Bullshit. It's completely relevant to your ridiculous argument, in which anything which you can call "a skill" is assumed to be relevant to performance.
I've been very specific about the skills for which these bankers are being paid. There are essentially three: crisis management, corporate communications, and client outreach.
"Plan"? I'm simply questioning your claim that obscene and irrational compensation schemes necessarily attract the best personnel. You have thus far provided zero evidence for it.
It's a question of demand. The company that offers millions is going to attract labor from the company that pays in tens of thousands.

If somebody offered you millions for the work you currently did, and leaving your current place of work didn't also require that you uproot your family, you'd be a fool to hold out on principle.
Very nice. I like the way you quietly changed the goal from "effective managers who run the bank responsibly and competently" to "top movers and shakers in the field", as if this is some kind of celebrity schmoozing contest. But of course, that's precisely what it is, isn't it? And you don't seem to think that's a problem.
All companies seek top talent. Some can afford only mid-range talent. Some can afford none at all. Those that can pay, do.
I'm not implying it. I'm saying it, and referencing the OP which shows that this is precisely the case. Their "performance pay" is in no way tied to performance.
No, you're saying it, and referencing an article that talks about specific bad decisions at major financial institutions. Where do you keep your money, Mike? A mattress? No. You keep it in a bank. And either that bank is reasonably sound, or you're being irresponsible with your family's future. Which is it?

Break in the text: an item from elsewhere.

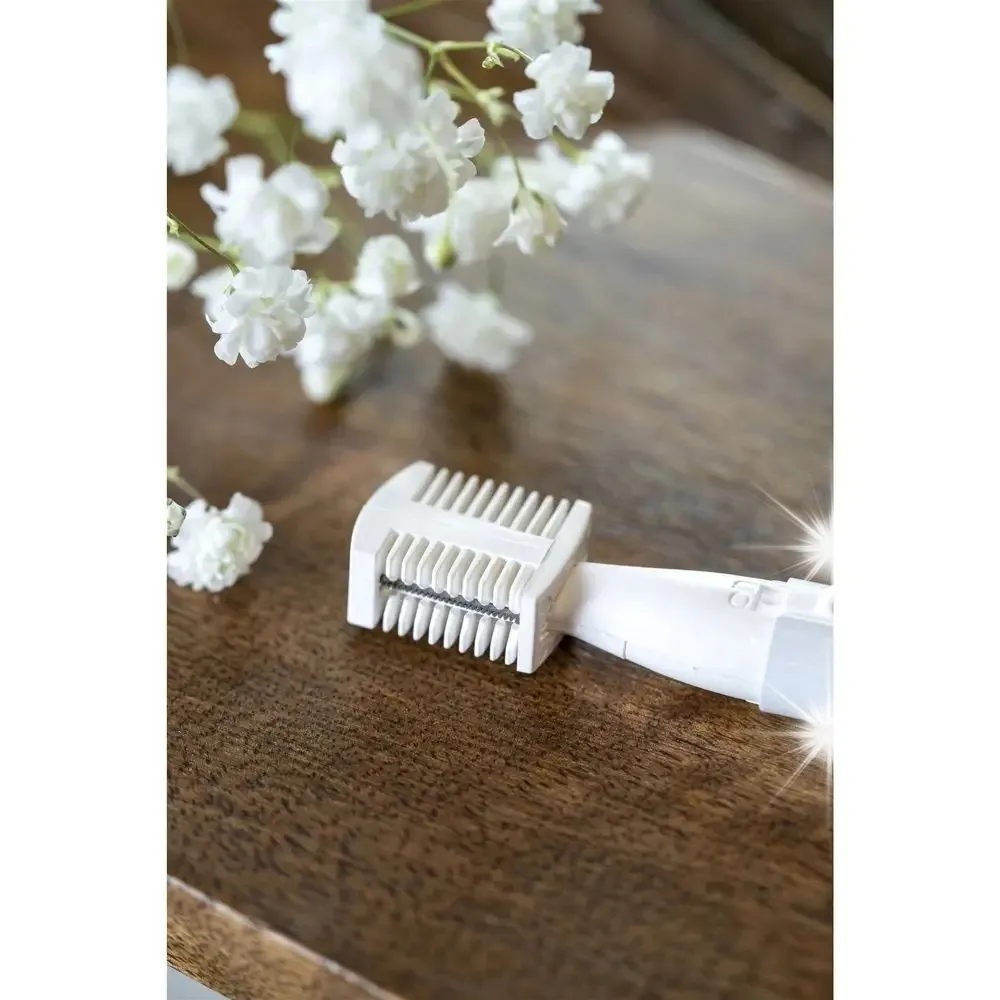 adler-ad-2934w-trymer-do-brwi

My argument is that "performance pay," isn't. These people are paid according to what they are expected to do. I've agreed from the outset that those who have proven themselves ineffective ought to be fired.
You just quoted the whole post without even attempting to say which part of it backs up your claim. Nowhere do I say I envy them and wish to join their ranks, you lying little asshole. Back up your claim right now.
You just claimed that you'd be able to get the same results, given the same responsibilities. That's a bald-faced lie, but speaks clearly to the source of your anger: that somebody is doing a job you think you could do with your eyes closed, and getting handsomely rewarded in the process. You then went on to insist that all bankers do no work, but instead somehow burn up money. Finally, you've complained that nobody can legitimate question whether you could do the same work as an "effective" banker because none of the bankers mentioned in the article did good work. No True Scotsman Fallacy.
Now... does going to an expensive and prestigious institution affect the people you know? Is being able to afford attendance at such an institution a "skill"?
This is only further proof that you've got not the slightest gasp of what you're talking about. "Knowing" somebody in the business world isn't the same thing as having something in common with them. These people don't fill Rolodexes or address books based on the fact that they all went to Harvard -- they didn't all go to Harvard. Going to an expensive and prestigious institution may affect the people you know. So may living in an urban area. So may chance.

University presidents are not administrators as much as fund-raisers. Their job is to ensure that the university endowment rises. Bankers are hired in part based on a judgment of how many new investors they might be able to inspire.
What happened to the importance of being able to schmooze and know the right people, and how those are just as valid "skills" as the ability to manage risk and prevent financial catastrophes? Ooops!
MSNBC ran an article on this just the other afternoon. Regardless of "should" or "would" or "could" or "ideal," people earn jobs with a resume long on practical experience and educational merit and promotions based on their personality type.

I am not suggesting that it is reasonable to hire somebody based only on confidence in how they will handle the media, or whether they might be able to dial the "right" numbers into an iPhone. However, it is a consideration that takes place in our world. It's reality - something people on this board often have trouble recognizing. It explains why a certain kind of executive is highly sought after.
Weasel Kast actually gave the game away but didn't realize it. When asked to describe what makes an effective bank executive, he immediately went straight to the same thing we've been saying: that such a person should "make ends meet".
You've repeatedly insisted that you could be a successful banker - based on a comparison with those who only lost money. That's not only dishonest, it's farcical.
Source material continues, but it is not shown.